Ho saltato una puntata del diario per tre valide ragioni. Innanzitutto è stato un giorno di spostamento senza grandi avvenimenti (pausa a pranzo a Rennes con recidiva di galette e sidro e traguardo a Callac dove ci ha accolti Jess); in secondo luogo, io e Ale eravamo dei “dead man walking”, per motivi diversi; infine ho dovuto fare la contabilità del mese e ho terminato alle 23. Sono crollato stremato, con una gatta bella grossa.

La sveglia suona alle 8.30 e miracolosamente ci sentiamo meglio. L’idea è raggiungere l’oceano per divertirci con qualche onda. Controllo le maree con l’app Windy e pare che a Trestraou, vicino a Saint-Quay-Perros, sulla costa del granito rosa, ci siano movimenti di 0,6 metri, giuste per divertirci un pò con i bimbi.

Verso mezzogiorno siamo a destinazione. La baia e la spiaggia sono davvero incantevoli. Mi ricordano un po’ la spiaggia di San Sebastian, dei Paesi Baschi. Il sole si mostra e si nasconde continuamente, giocando con nuvole veloci. L’acqua è più fredda del previsto. Ma di un blu intenso, via via che si guarda sempre più verso l’orizzonte. Decine di bambini si riscaldano prima di entrare in acqua per le lezioni di surf.

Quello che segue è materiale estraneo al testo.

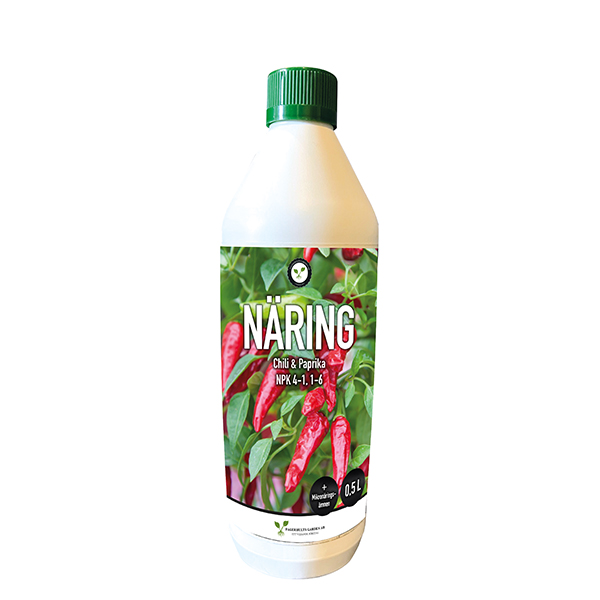 Chili/paprikanäring 0,5L i vit flaska med röd paprika på etiketten.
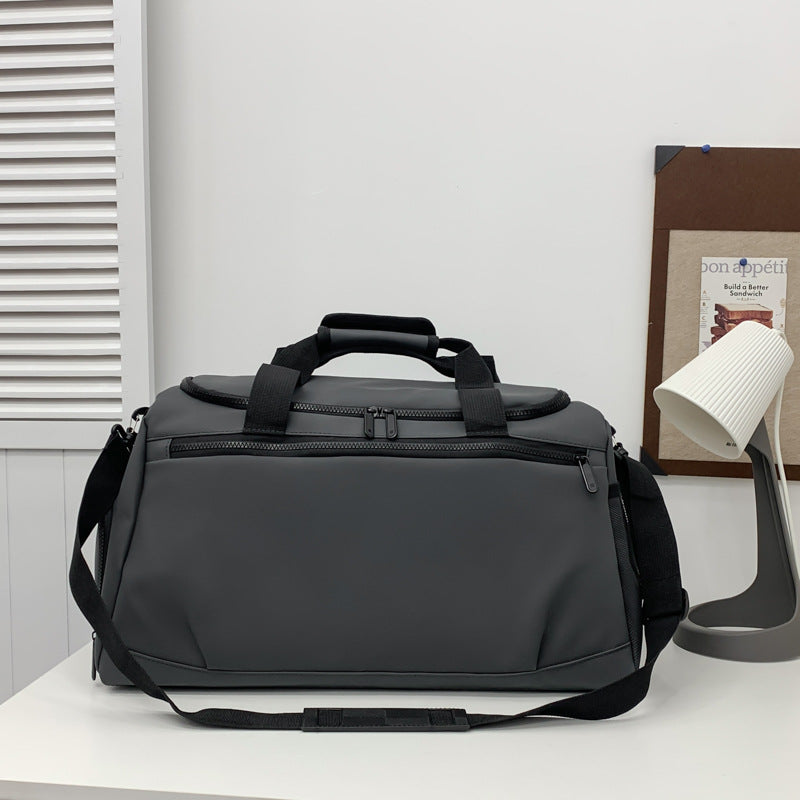 Sporty travel bag with reinforced carrying handles and multiple compartments Kalsten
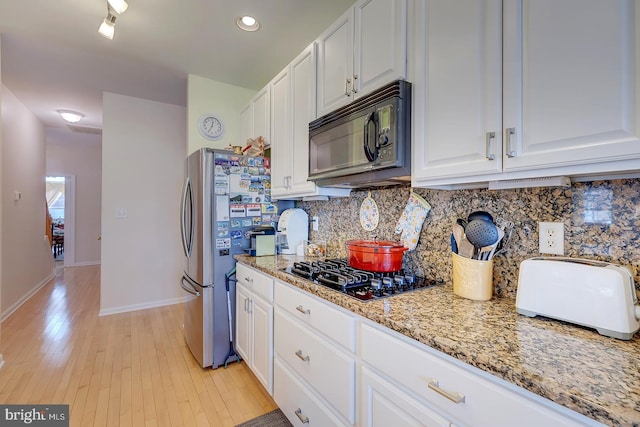 10 Cavendish Ct, Rehoboth Beach, DE 19971 - kitchen with black appliances, tasteful backsplash, white cabinetry, light stone countertops, and baseboards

Bellissime case di pietra e infissi in legno abbarbicate sul promontorio dietro la spiaggia guardano l’oceano. Mi viene una leggera voglia di emigrare. Poi passa.

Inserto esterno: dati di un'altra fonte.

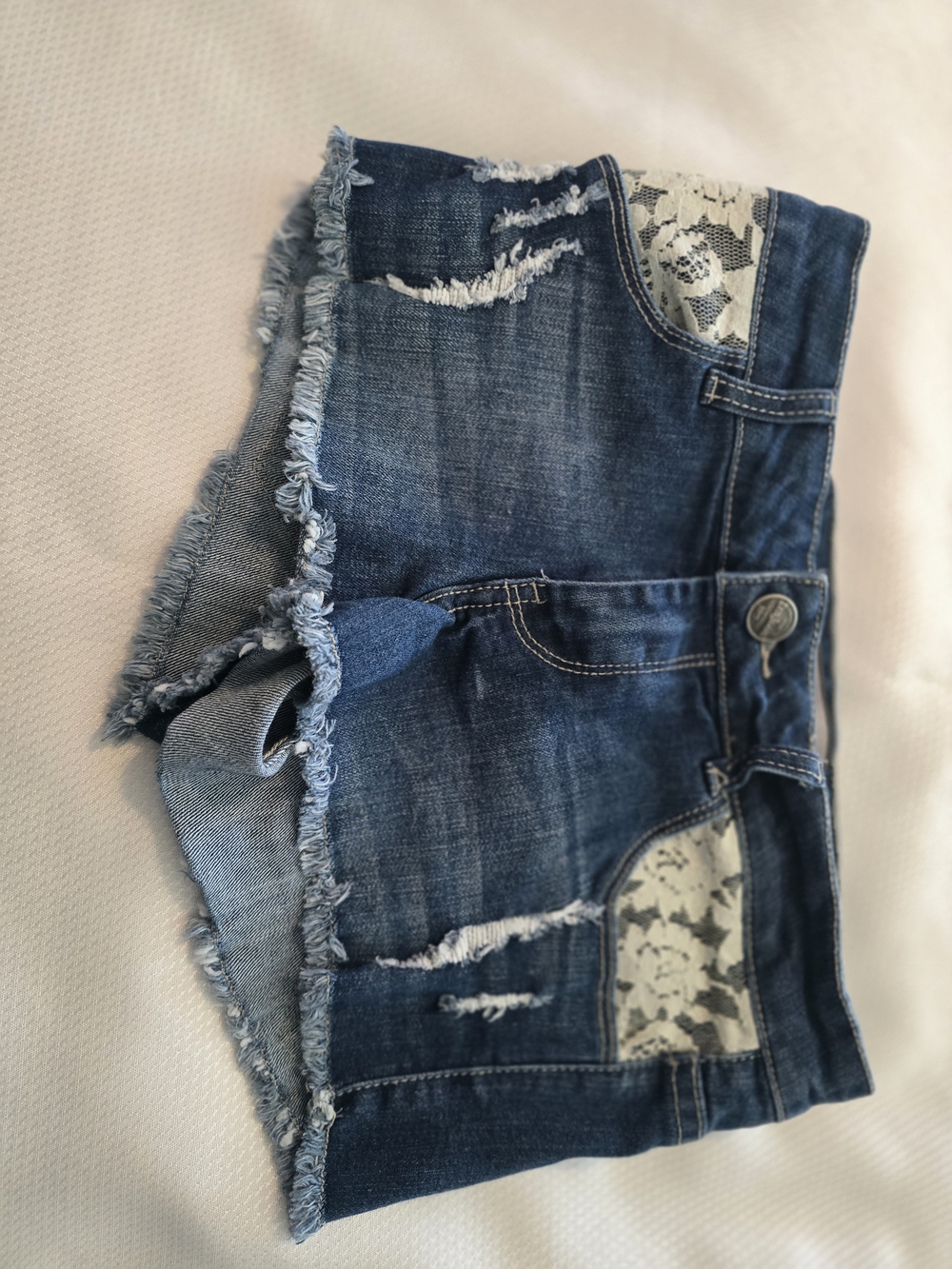 iris Blue Distressed Denim Shorts with Lace Pocket Accents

Comunque di onde non se ne vedono, altezza massima sì e no 30 cm. La tavola da surf, tutta bella incerata e pronta a cavalcarle, ha fatto un giro a vuoto. Riccione in un giorno qualsiasi ha il mare più mosso.

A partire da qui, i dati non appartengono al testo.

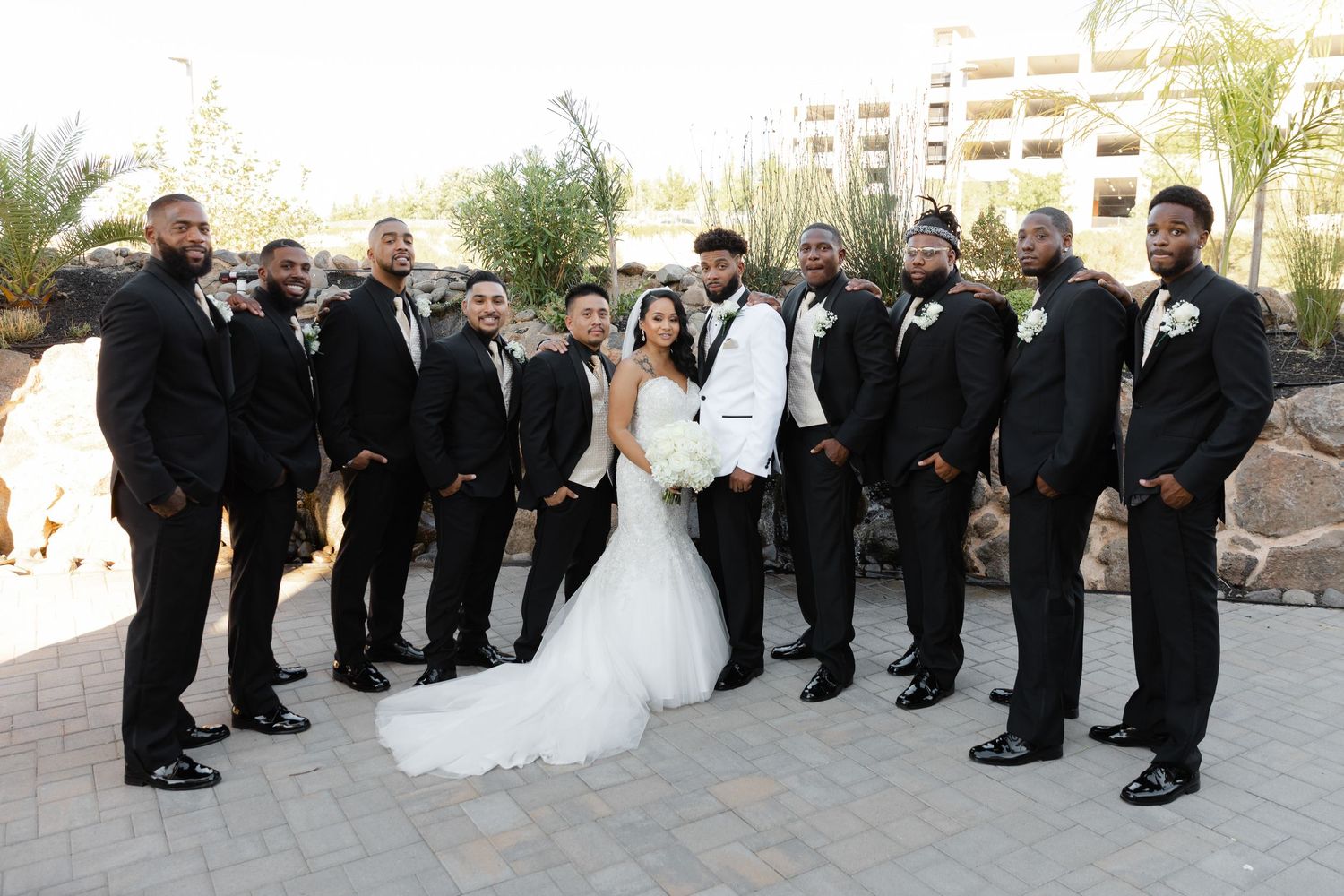 Wedding party poses outdoors in formal black and white attire on a sunny day at an elegant venue.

Giusto Frenci ci prova gusto con la sua tavoletta. Ma passa la voglia anche a lui. Pranziamo al sacco e poi decidiamo di fare una pista per le palline e poi una passeggiata lungo la spiaggia, io e la Ricciola via sabbia, i due nani via scogli. Io colgo l’occasione per dedicarmi ad una sessione di fotografia. La marea si abbassa e la spiaggia si allunga di decine di metri. Spazi enormi tra noi e il resto del mondo.

Tornati al nostro ombrellone inizia a piovigginare, ma finisce in pochi minuti, Poi torna il sole. Per evitare di “buttare” completamente la giornata senza aver messo piede in acqua, mi butto nel blu con un tuffo, assaporando le fredde correnti. Tonificante.

Restiamo a bighellonare fino a ora di cena. Cerchiamo una pizzeria, ne abbiamo un disperato bisogno. Vicino a noi c’è Basilico, ma dall’app per la prenotazione sembra pieno. Decidiamo di provarci lo stesso, ci presentiamo alle 19.00 e ci trovano un tavolo da liberare entro le 20.30. Oro. La pizza è notevole, al tavolo di fianco al nostro una famiglia di napoletani lo conferma. La soddisfazione è sulla faccia di tutti.

Torniamo alla base, domani ci rimettiamo in viaggio, ci aspetta una settimana sulla costa atlantica del nord. Speriamo di essere più fortunati.